Pictures with short captions:
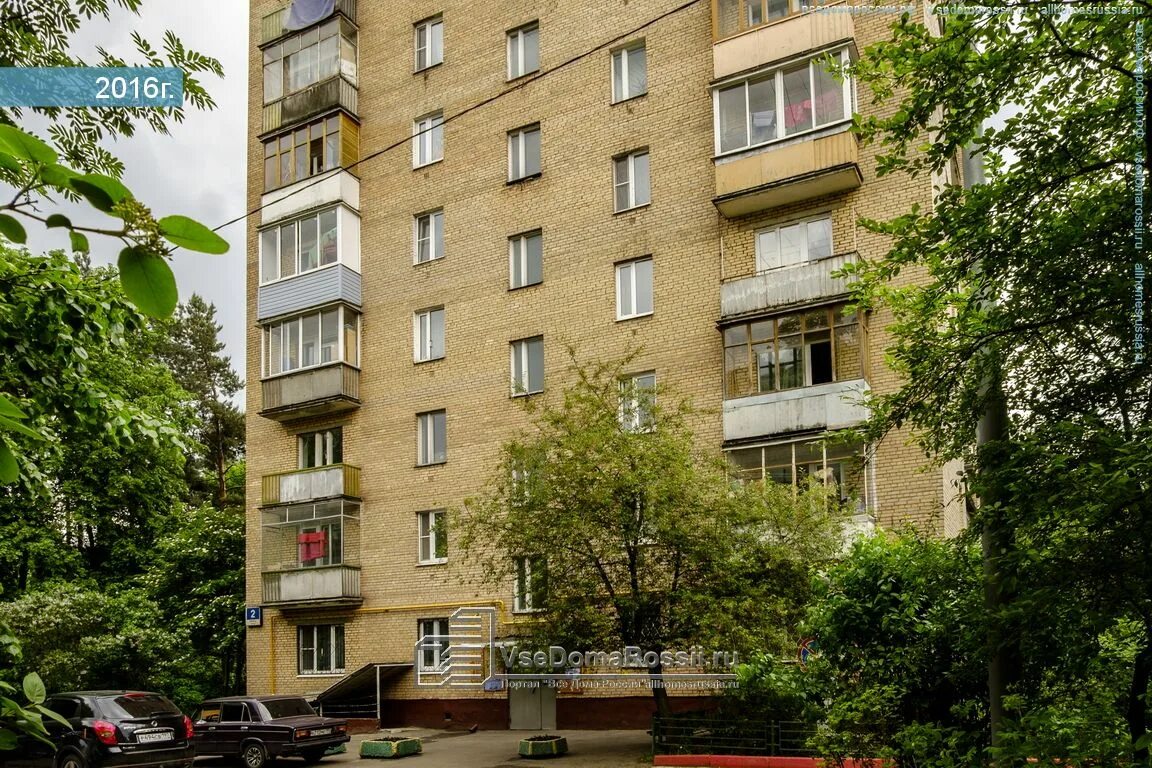 Зеленая 39 60 фото - ZooClever.ru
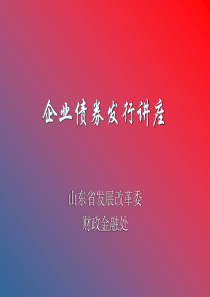企业债――发改委潘青老师课件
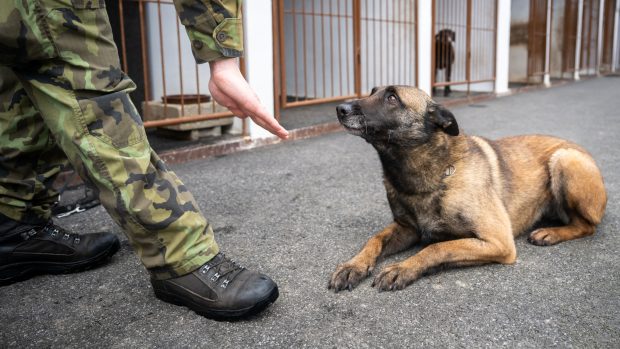 Základní povely jsou samozřejmostí a každý psovod má svoje, psi proto jsou často schopni pracovat jenom s nimi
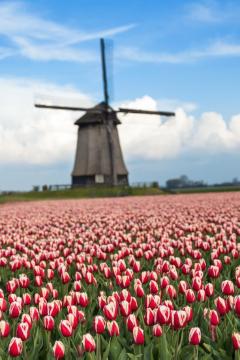 Beet, Blumenzwiebel und Knollen, Frühling, Frühlingsblüher, Stimmungsbild, Tulipa (Genus), Tulipa Triumph, Tulpenfeld, Windmühle
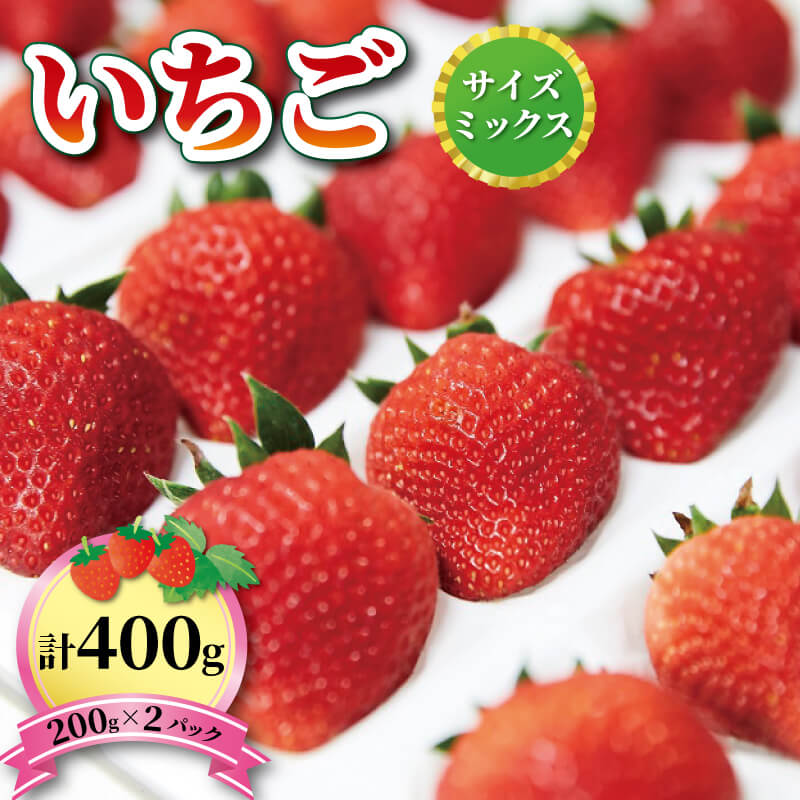 いちご 1種 400g ( 200g × 2 ) 6～12月お届け 品種おまかせ フルーツ 果物 苺 イチゴ なつあかり 信大BS8-9 夏のしずく 夏の輝 すずあかね リアスター夏苺 夏いちご 三陸産 大船渡 国産 期間限定 季節限定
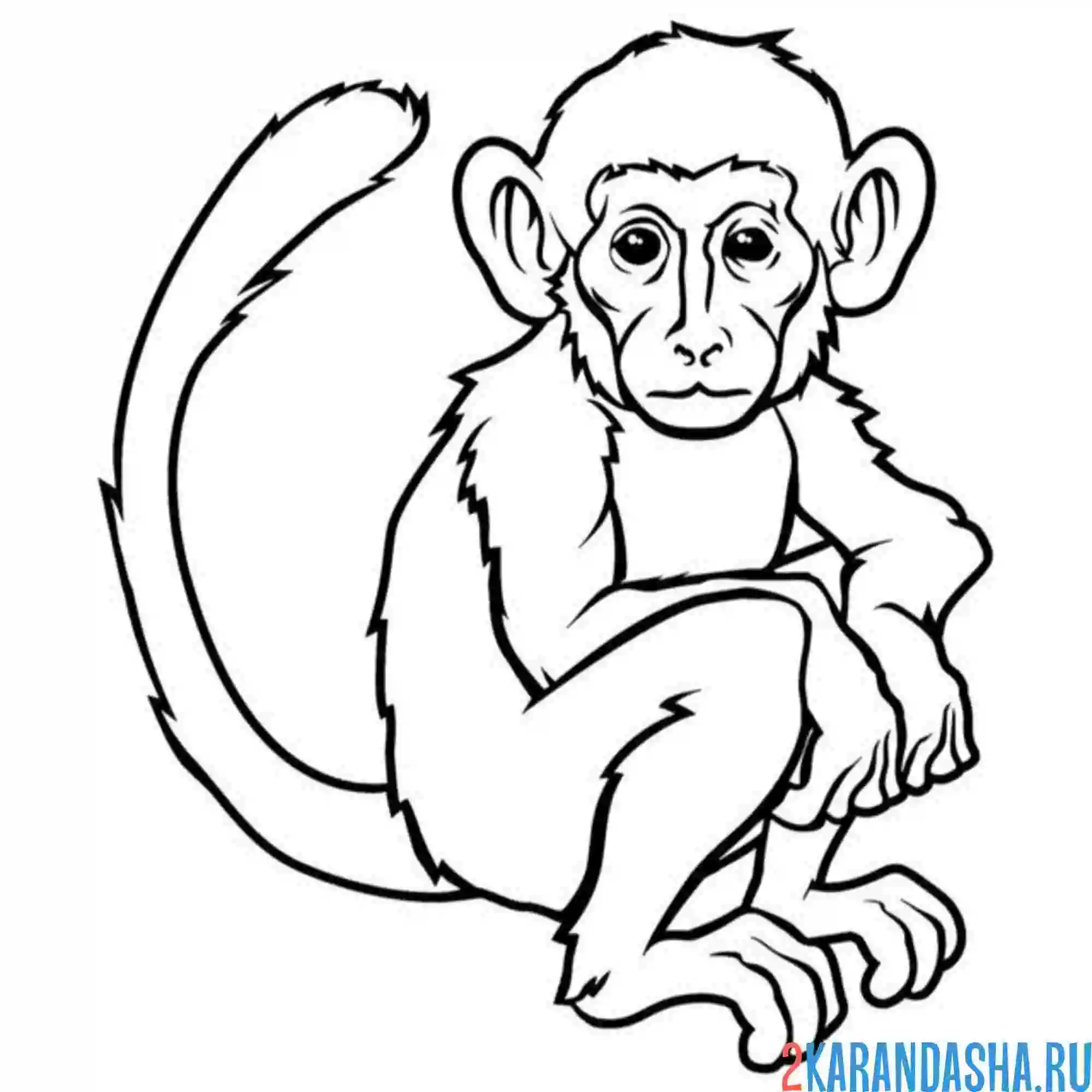 Раскраска шимпанзе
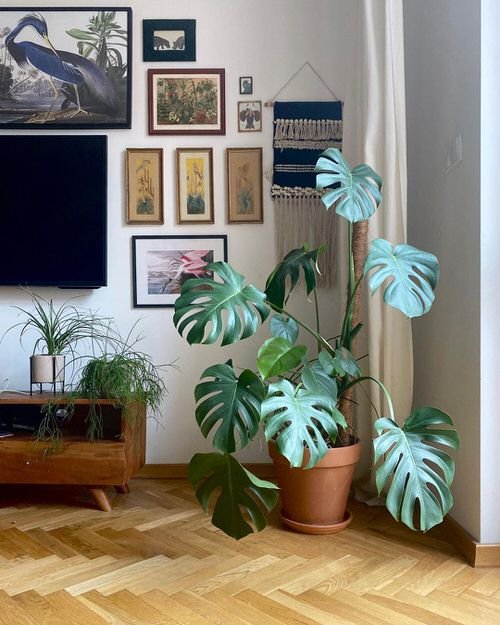Types of Monstera- Swiss Chinese Plant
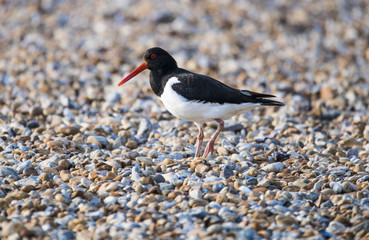 Oystercatcher (Haematopus ostralegus)
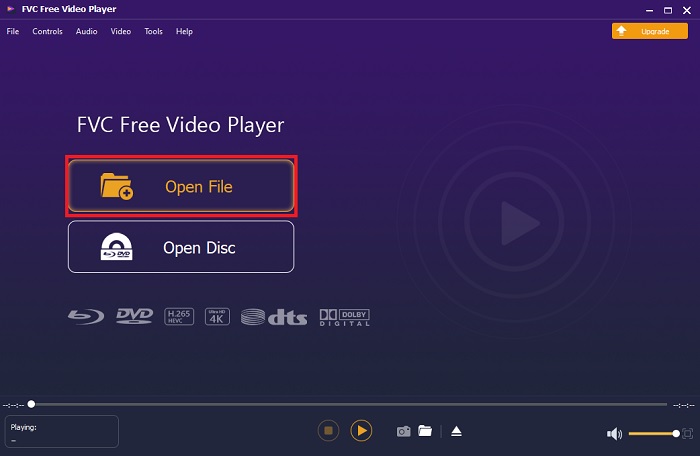 Интерфейс FVC Free Video Player с кнопками Open File и Open Disc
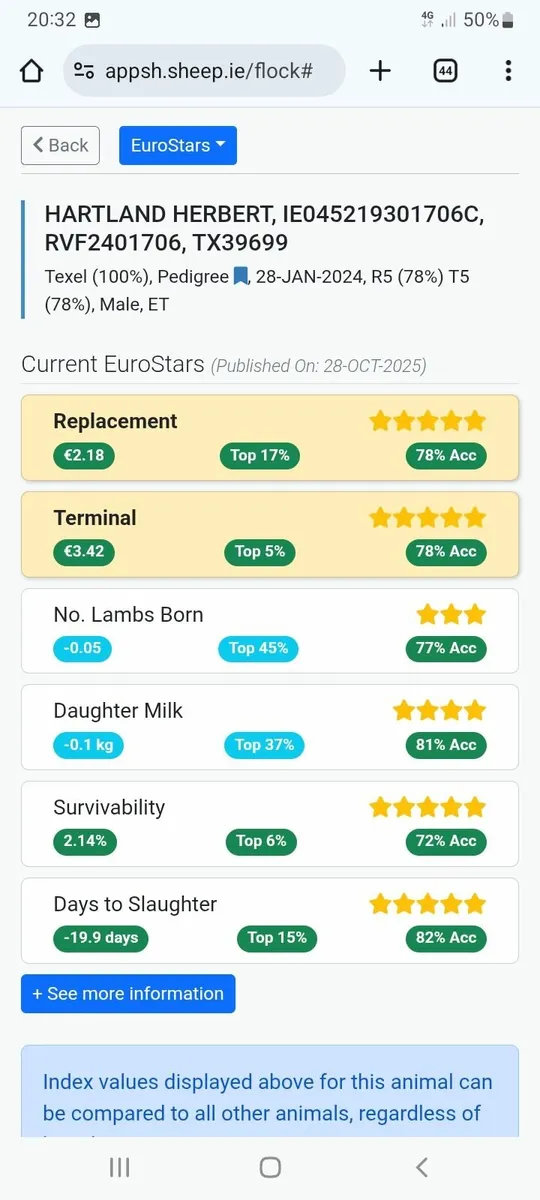 Pedigree Texel Ewe Lambs - Image 2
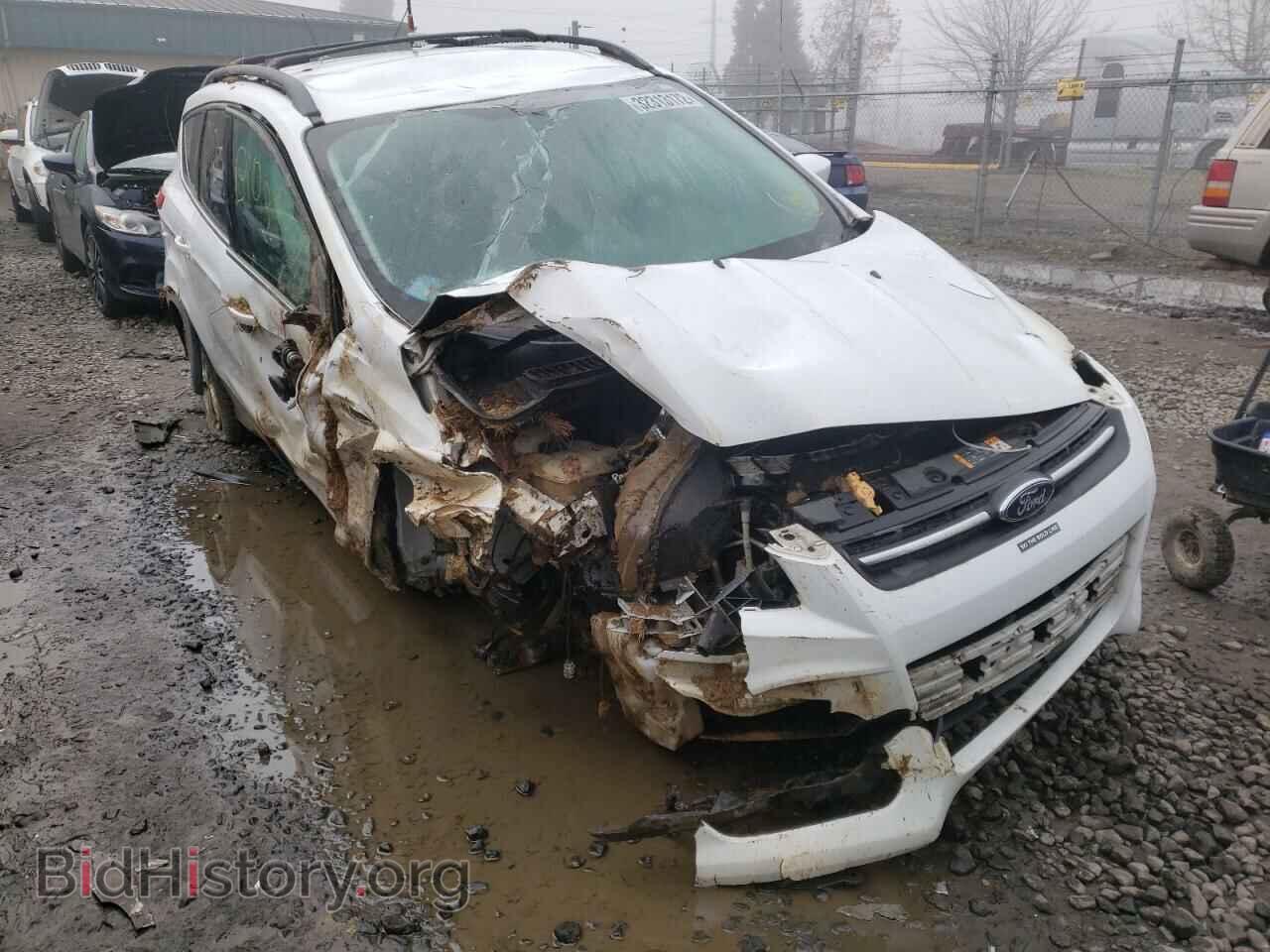 Фотография 1FMCU0GX2DUB59469 - FORD ESCAPE 2013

* [What to do] Write out exactly the lines from the line holding "Интерфейс FVC Free" through the last line of the records above, inclusive, and nothing more. Leave out the pictures.

* [Answer below]
 Интерфейс FVC Free Video Player с кнопками Open File и Open Disc
 Pedigree Texel Ewe Lambs - Image 2
 Фотография 1FMCU0GX2DUB59469 - FORD ESCAPE 2013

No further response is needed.